Recent medical studies suggest that third and fourth generation hormones, which are now widely used in many birth control products, are linked to increasing occurrences of deep vein thrombosis (DVT), otherwise known as blood clots, that are commonly found in the leg or pelvic region. When a DVT dislodges and travels to the lungs, it results in pulmonary embolism, leading to venous thromboembolism (VTE), a condition that can cause serious health issues and even death. With thousands of medical reports of fatal or near-death experiences associated with contraceptives, investigations are beginning to uncover why patients are often not warned of the health risks.
One third generation progestin that has been used in contraceptives such as NuvaRing and OrthoEvra (the patch) is known as Desogestrel. Drug companies endorse third generation progestins like Desogestrel in lower doses of hormones than those in previous birth control products.
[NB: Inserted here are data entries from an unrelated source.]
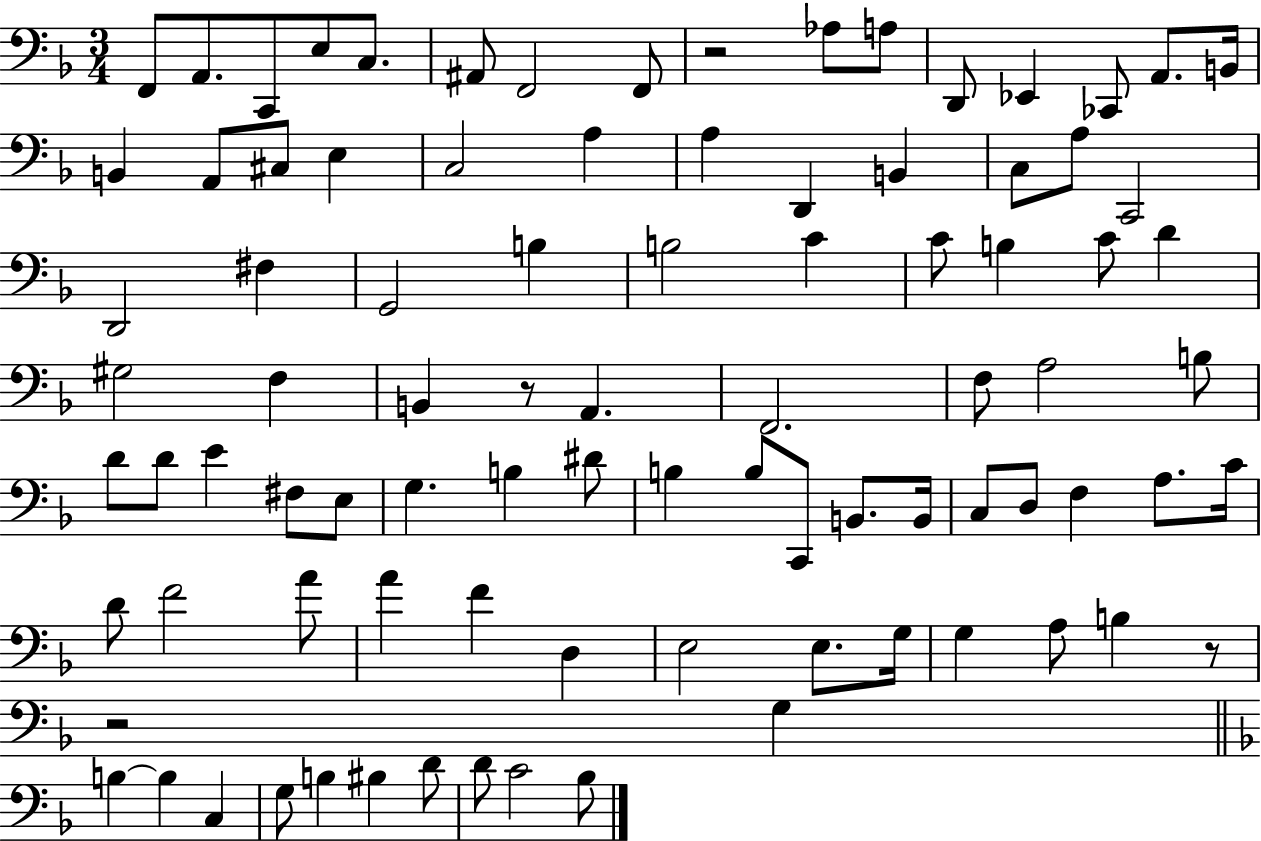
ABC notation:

X:1
T:Untitled
M:3/4
L:1/4
K:F
F,,/2 A,,/2 C,,/2 E,/2 C,/2 ^A,,/2 F,,2 F,,/2 z2 _A,/2 A,/2 D,,/2 _E,, _C,,/2 A,,/2 B,,/4 B,, A,,/2 ^C,/2 E, C,2 A, A, D,, B,, C,/2 A,/2 C,,2 D,,2 ^F, G,,2 B, B,2 C C/2 B, C/2 D ^G,2 F, B,, z/2 A,, F,,2 F,/2 A,2 B,/2 D/2 D/2 E ^F,/2 E,/2 G, B, ^D/2 B, B,/2 C,,/2 B,,/2 B,,/4 C,/2 D,/2 F, A,/2 C/4 D/2 F2 A/2 A F D, E,2 E,/2 G,/4 G, A,/2 B, z/2 z2 G, B, B, C, G,/2 B, ^B, D/2 D/2 C2 _B,/2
The hope with this low dosage is that the products will work effectively while reducing side effects that patients experienced with higher levels of hormones. The side effects that third and fourth generation progestins are aimed to reduce include acne, weight gain and migraines. However, many studies have shown that these third generation progestins are creating even larger health problems.
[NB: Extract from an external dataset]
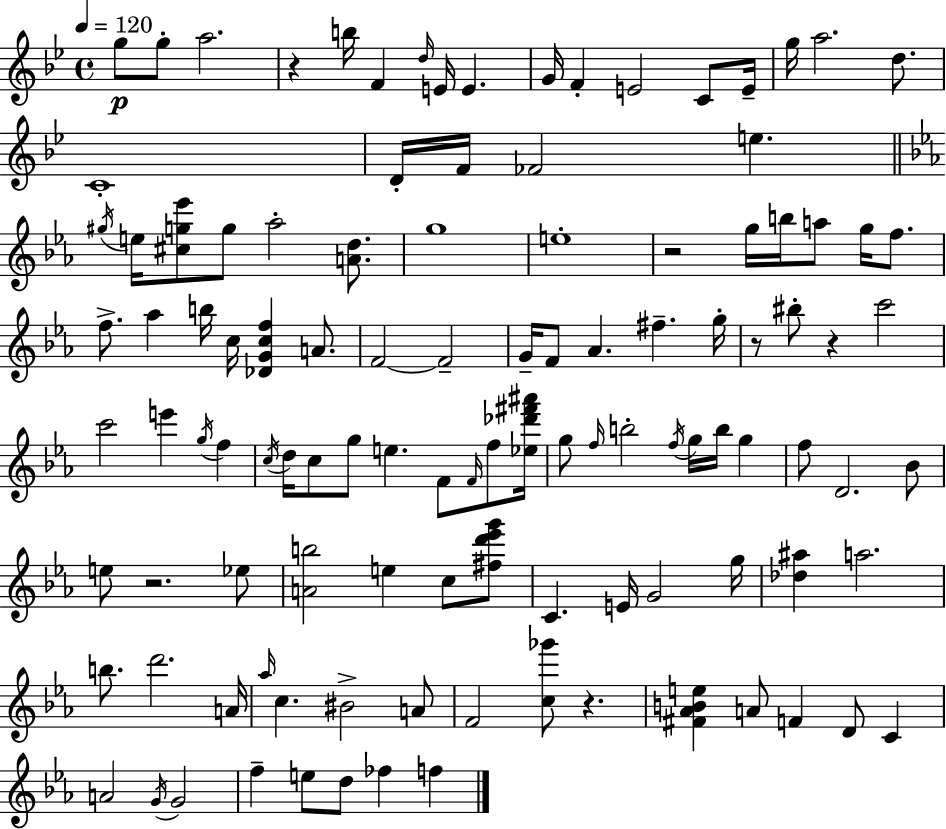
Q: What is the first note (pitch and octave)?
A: G5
Since the Food and Drug Administration (FDA) approved NuvaRing in 2001, at least 300 serious health events including strokes and even deaths have been reported in women who use the drug. Similarly, between 2002 and 2006, at least 40 women died of blood clots while using the OrthoEvra patch manufactured by Johnson & Johnson (J&J). In 2006, the FDA ordered J&J to mark their packaging of the OrthoEvra patch with a “black box” warning, which caused sales of the drug to dwindle.
According to a recent Vanity Fair article, women who use vaginal rings like NuvaRing have a 90% greater risk of developing a potentially fatal VTE than women who use birth control pills with other forms of progestin. A recent study published by the Journal of Thrombosis and Haemostasis concluded that the use of oral contraceptives containing third generation Desogestrel causes disturbances of the procoagulant, anticoagulant and fibrinolytic pathways of blood coagulation (the process in which liquid blood is changed into a blood clot), which contributes to the increased risk of VTE. Many other studies similar to this one mention that the reliability and morality of pharmaceutical manufacturing companies should be called into question.
According to health and physical education instructor Tinka Brown, a drug company’s primary motive is profit.
“Sometimes health concerns are overlooked or heads are turned the other way, sad to say, to make a profit,” Brown said.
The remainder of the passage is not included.